*** Data to use ***

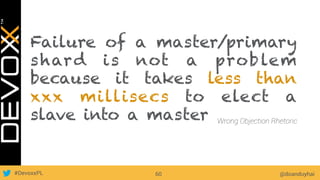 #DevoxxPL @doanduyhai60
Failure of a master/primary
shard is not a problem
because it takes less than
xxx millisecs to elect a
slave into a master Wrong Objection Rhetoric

***
*** Data to use ***

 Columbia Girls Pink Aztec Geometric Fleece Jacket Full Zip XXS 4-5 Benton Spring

***

# Exercise objective:
Send back an exact copy of only the lines from the line with "shard is not a problem" up to and including the line with "slave into a master Wrong Objection Rhetoric" in the data above.

# Result:
shard is not a problem
because it takes less than
xxx millisecs to elect a
slave into a master Wrong Objection Rhetoric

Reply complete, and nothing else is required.